Icewater is packed to the gills. The thru-hikers have moved on but there are still 16 in the shelter. The sunrise from our sleeping bags though is well worth the sardine conditions. After sunrise we quickly bail out of the shelter to make it to Charlies Bunion for breakfast.


Charlies Bunion is a rock outcropping offering views from Mt Guyot to the east and back to the Jumpoff and Mt. Kepart to the west. It is one of the 2 best dining rooms I've ever eaten at in my life.

Monday, June 13, 2011

Great Smoky Mountains National Park 2


The Alum Cave trail begins as a gradual ascent following the creek and winding through Arch Rock, an eroded hole through a small bluff that you hike through. The trail switches to following Styx Branch and begins putting on the elevation as we need to gain 2700 feet in the next four miles.

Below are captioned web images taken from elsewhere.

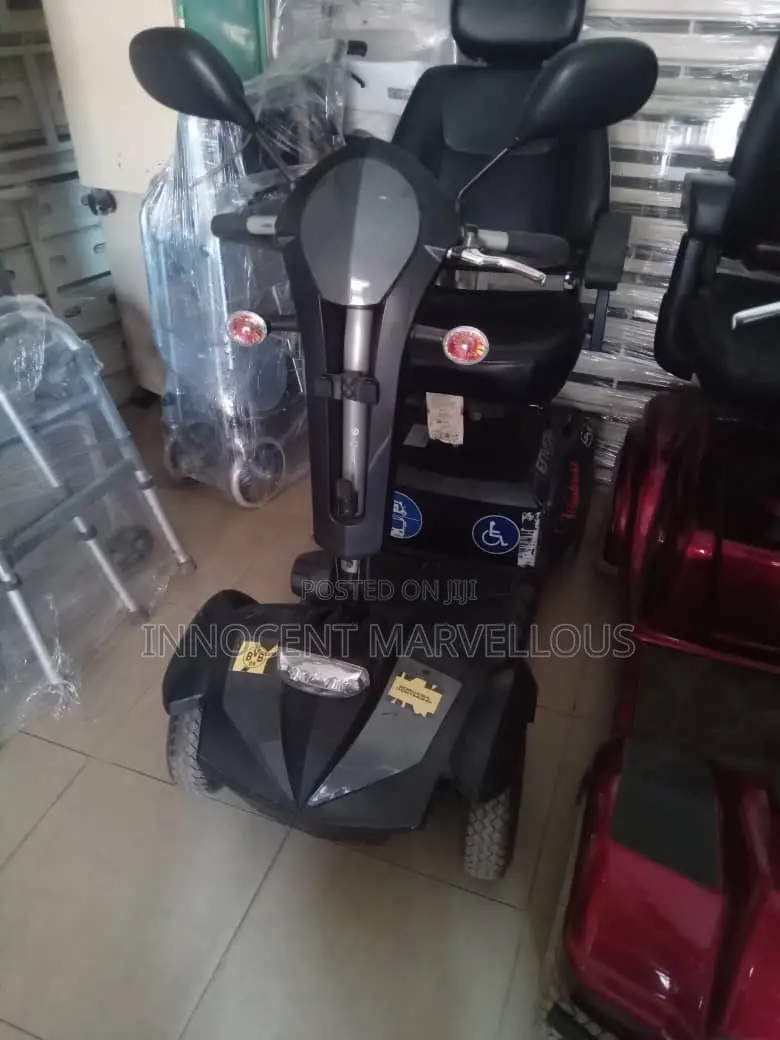 Ws Electric Scooter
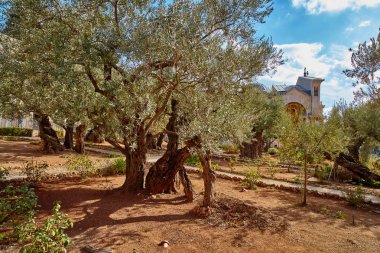 Getsemani'ye zeytin Bahçe, Jerusalem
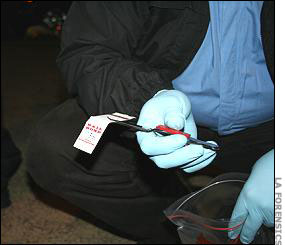 Matchbook Found at Crime Scene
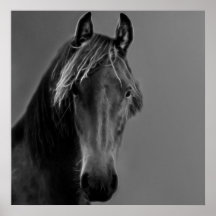 Tawny Pferd Posterdrucke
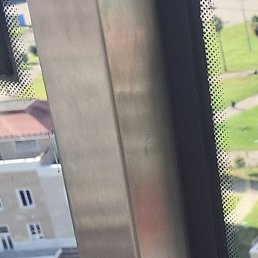 ��������, �����, 25 ���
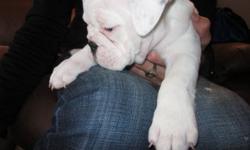 pure bred english bulldog puppies looking for loving homes there is 2 girls and 1 boy left , they have their first set of shots and been dewormed. the mother is AKC reg and the dad is CKC reg , they are sold as pets only on a no breed contract. no health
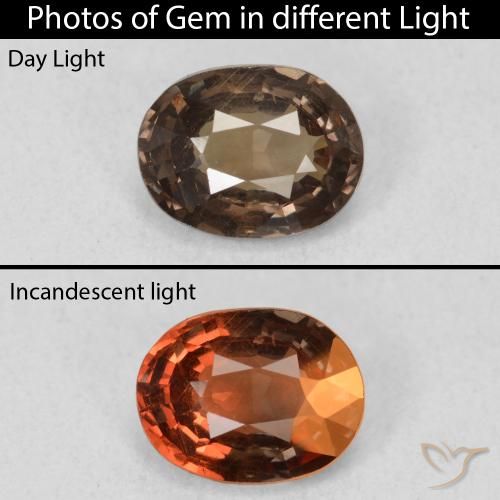 1.26ct طبيعي بني غامق عقيق متغير اللون, بيضوي, قليلا جدا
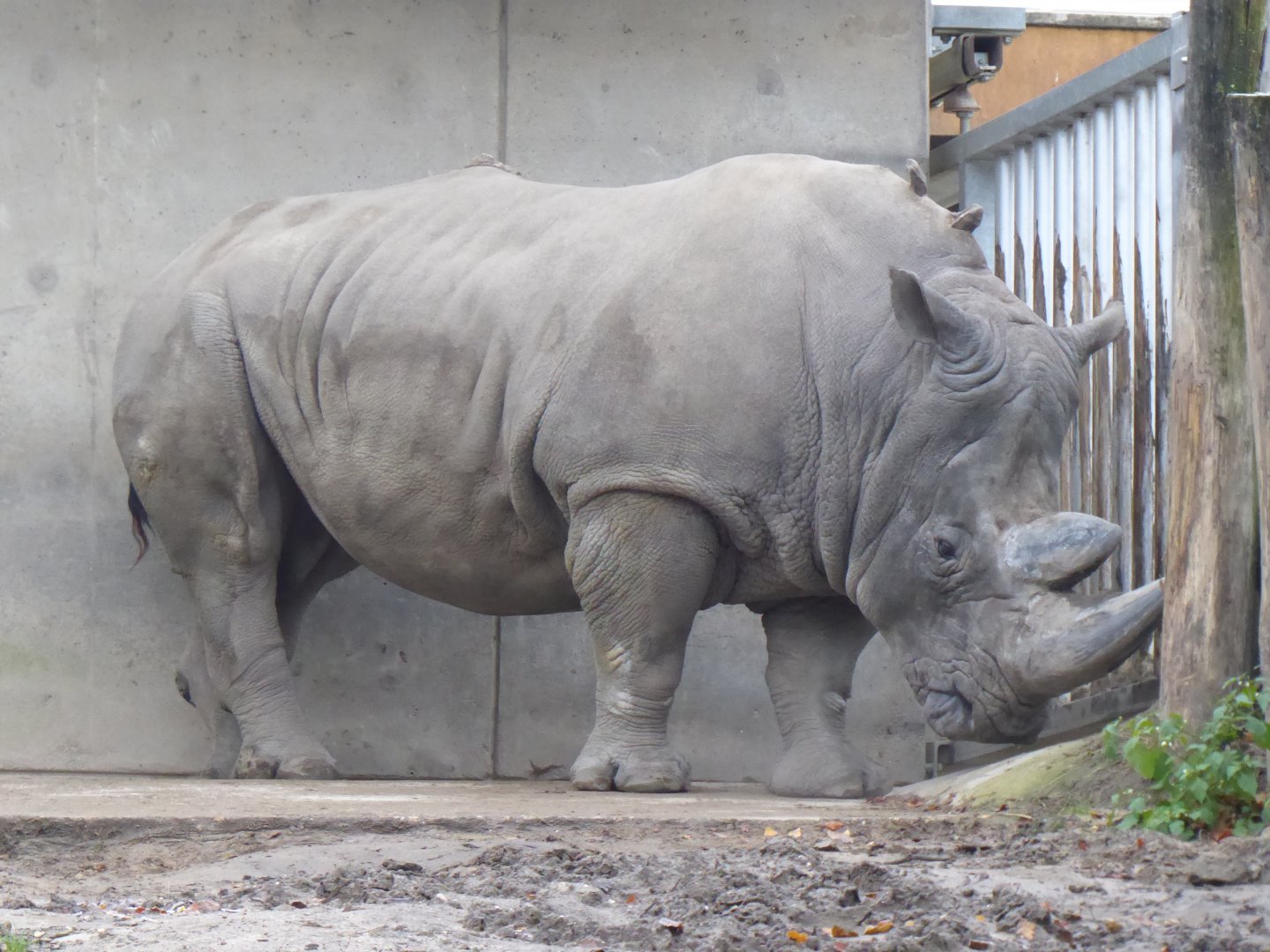 Afrikanum - Southen white rhinoceros 011219
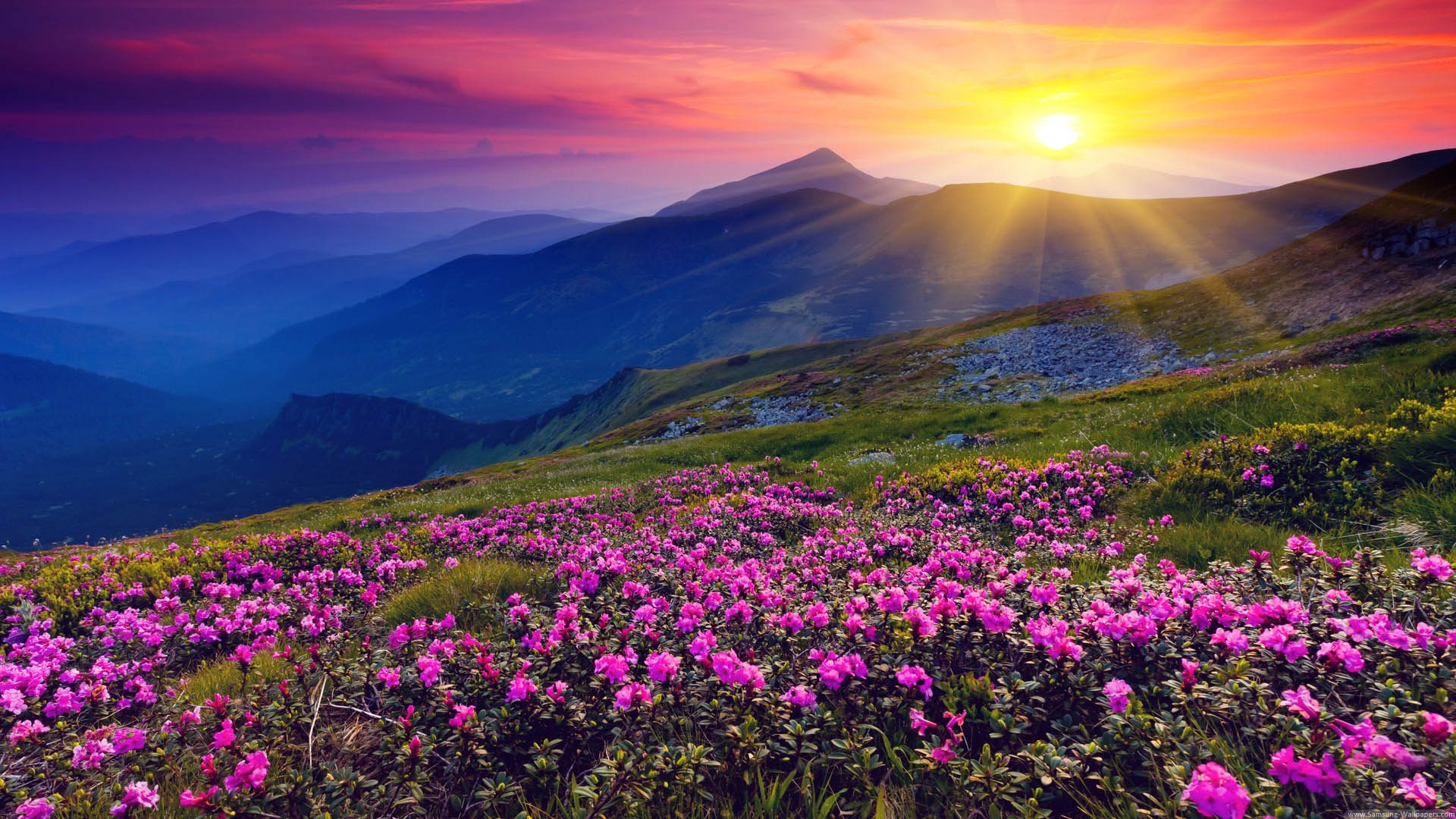 背景の壁紙,自然の風景,自然,空,花,山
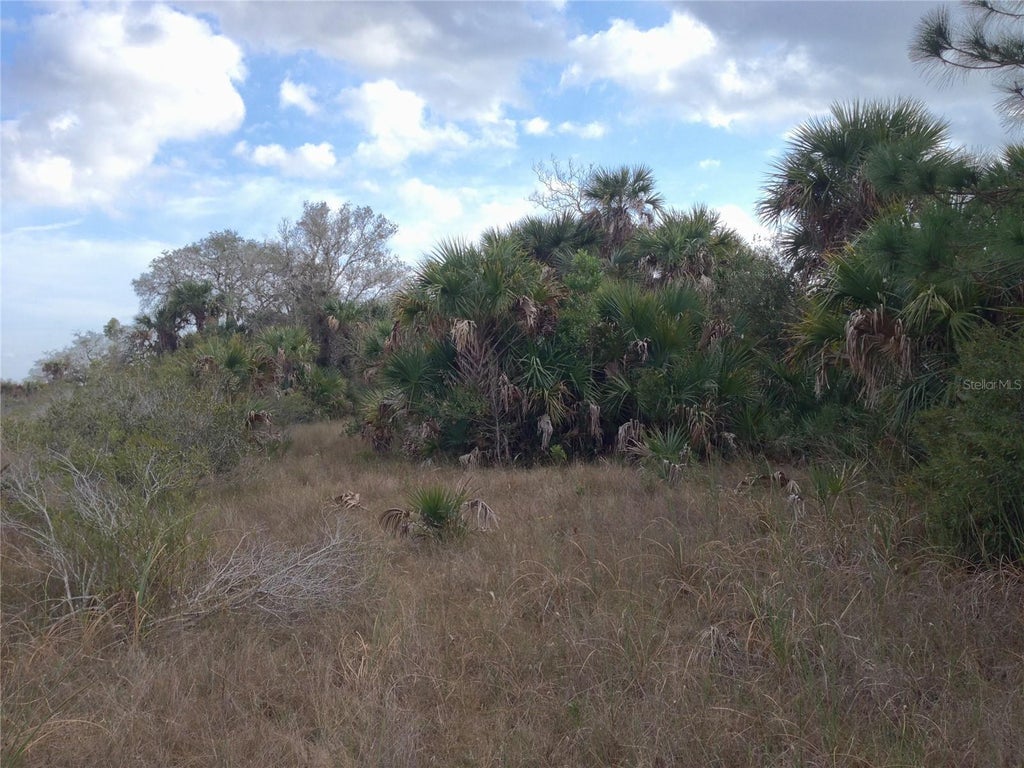 Photo of 50670 Bermont Road, Punta Gorda, FL 33982 (MLS # C7527519)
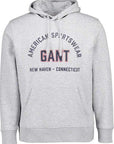 GANT PRINTED GRAPHIC HOODIE GREY MELANGE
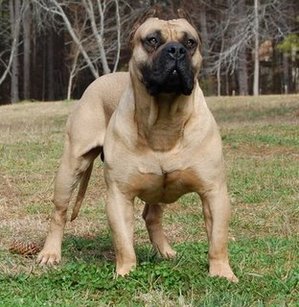 Sud-african Boerboel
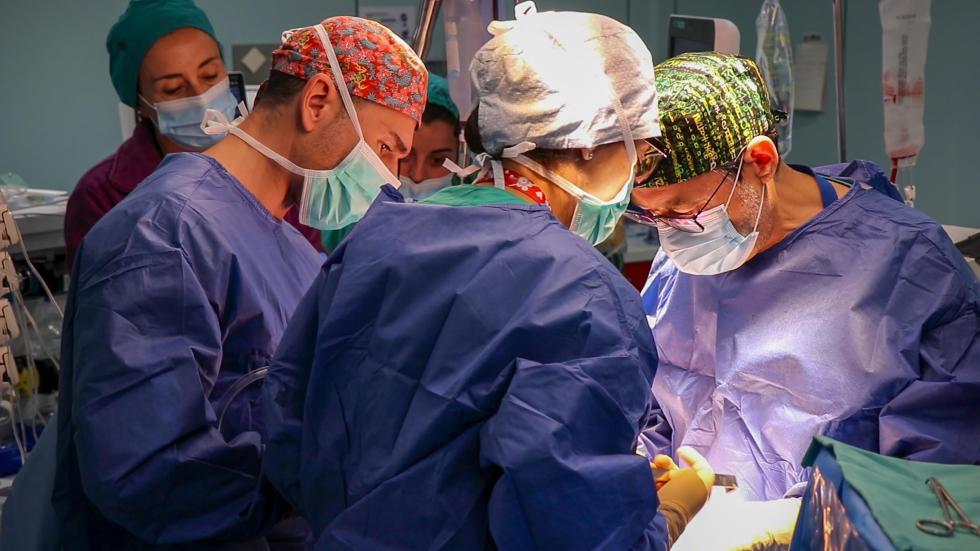 Diez trasplantes renales de donantes vivos registrados en La Fe el primer semestre de 2026 Diez trasplantes renales de donantes vivos registrados en La Fe el primer semestre de 2026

It is a very warm day as we reach Alum Cave for lunch. Alum Cave is a concave bluff just under half way to the top. Approximately 80 feet tall and 500 wide with a severely steep sandy floor. The break is well deserved and needed. We lunch at the cusp of the cave floor where some earlier hikers left a scattering of snacks that the none-too-shy red squirrels venture to gather.


Around the Gracie's Pulpit lookout we stop and watch a nesting pair of peregrine falcons chase off a third. The trail winds its way around a NW face and at times is only a foot or 2 wide with a cable handrail on the inner side to give a small amount of security. "Ok Isaac, hold tight" is an often repeated phrase. And I believe it is somewhere in this calf burning steepness that Isaac and Angie dub themselves "Team Slow." This is also where I realize that a change to my flatlander hiking style is necessary. Powering through the climbs is only destroying my calves, and my stamina.


Just as everyone is getting to the end of our proverbial ropes the top comes into sight and we make that last pushes to get to the top. Our shuttle driver said the second to the last mile will make you question your sanity, and she was not lying. We top out directly into a cloud on a flat wide boulevard just as rain begins to fall. A quick jaunt past the Le Conte lodge (which looks to be an interesting trip unto itself, small cabins and catering) to the shelter and we all can finally relax for the evening. Five miles and a final elevation 6593 feet in about 4 hours of hiking time, nice job kids.



While one of the busiest trails, especially with the lodge crowd heading up and all the day-hikers. Alum Cave is a gorgeous first day in the park. We started this trip off with a bang.